The E. Fiorenzato born in the mid-60s after the division of the business founded by his father PASQUALE FIORENZO in 1927, year of birth of Emila. Activities conducted by the father until the late 50 and then passed to their children until their split in 1965, from this moment comes the E. Fiorenzato tripperia Neapolitan today only to have its own production of trippa is that all products sold in its stores even with a large supply of wholesale to supermarkets and butcher shops.

Change name changing face "Le Zendraglie - E. Fiorenzano" renews itself wanting bring to light the ancient flavors of the basic recipe offal of sheep, beef and pork from traditional soup carnecotta to the marshal-soup, from the pasticciola to the trippa cheese and eggs from the stentiniello oven to frasame padded.

But not only Frattaglie, "Le Zendraglie - E. Fiorenzano" is Neapolitan cuisine cooked at very competent prices with such warmth and kindness.


... because "Le Zendraglie"

It tells the story, that between the end of the thirteenth and early fourteenth century, during and after the French dominion in the Kingdom of Naples was using that very poor people come together in Castelnuovo (Il Maschio Angioino), or even around homes of the rich in order to feed the remains of their lavish banquets.
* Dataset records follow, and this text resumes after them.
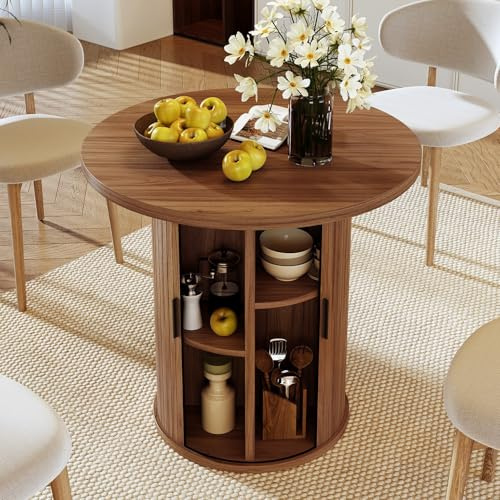 Hawthyhome 80cm Round Dining Table with Hidden Storage, Modern Kitchen Pedestal Table with Slatted Sliding Door, Small Circular Wood Table for 2-4 Persons [Walnut Finish]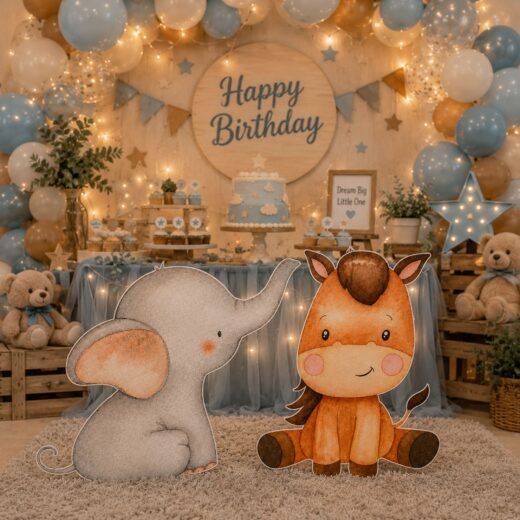 Elephant & Horse Safari Character Cutout Set – Cute Animal Party Display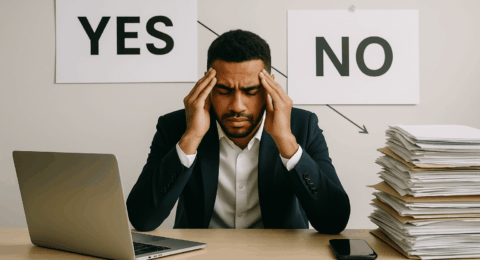 Jeune cadre victime d'épuisement mental au travail.
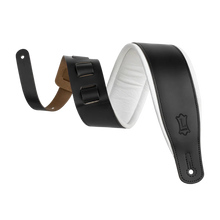 Charger l'image dans la galerie, Levy's Leathers M26PD-BLK_WHT Top Grain Leather Guitar Straps - Black and White Tuxedo
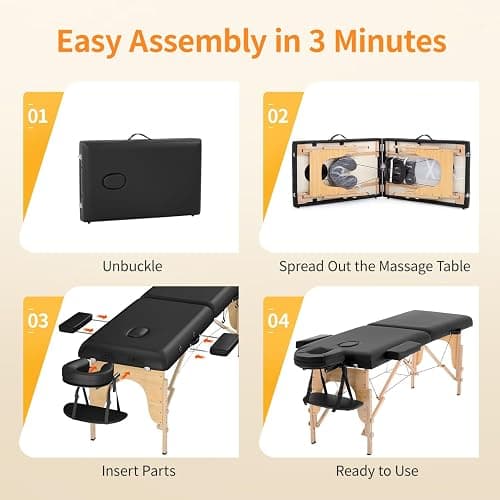 BestMassage Massage Bed Portable Massage Table 24 inch Wide Lash Bed Height Adjustable 2 Folding Spa Table with Non-Woven Bag for Spa Footmassage Facial CareSpa Tattoo thumbnail 4
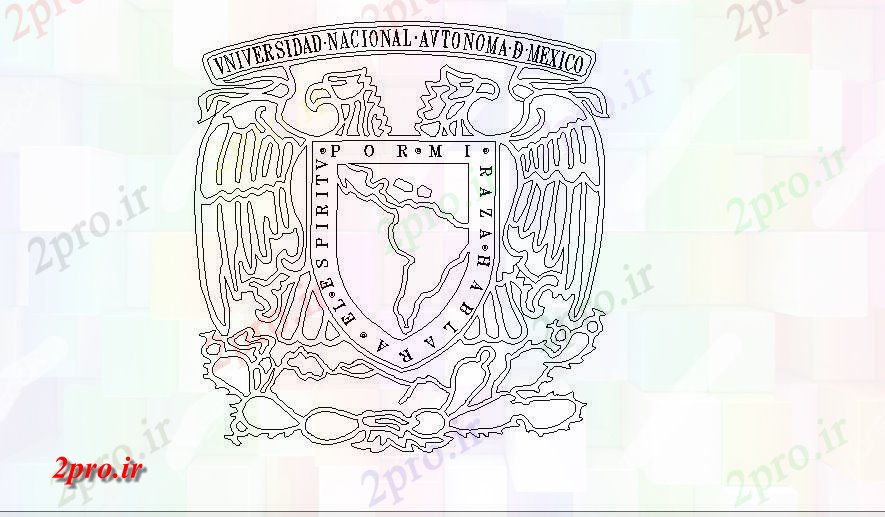 دانلود نقشه بلوک ، آرام ، نماد مکزیک دانشگاه ، آموزشکده ملی  (کد84720)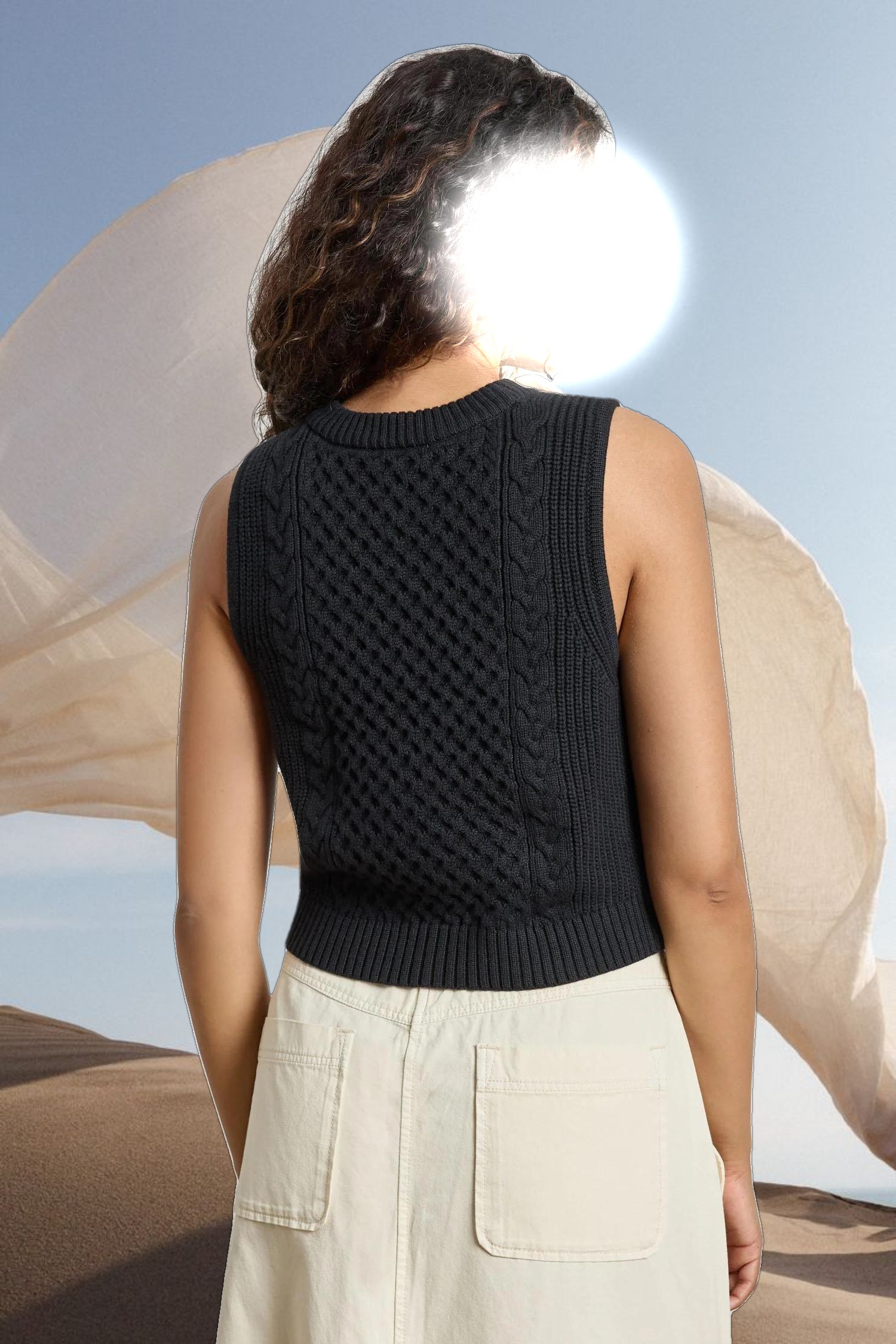 Cropped Cable Tank Sweater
It was customary to discard the innards of animals eaten with just a ceremony including:
The French serve to attract the attention of the people shouting the words "Les entrailles" (the intestines) and women of the dispute is to take possession of at least part of these ruins.  

These people were identified as those of zandraglie, poor people and then sent. Hence the word "Le zendraglie" by the Neapolitan language translation of the French words "Les entrailles".

Which word better then to call our local. "The Zendraglie" from the French "Les entrailles" ... eaters of frattaglie.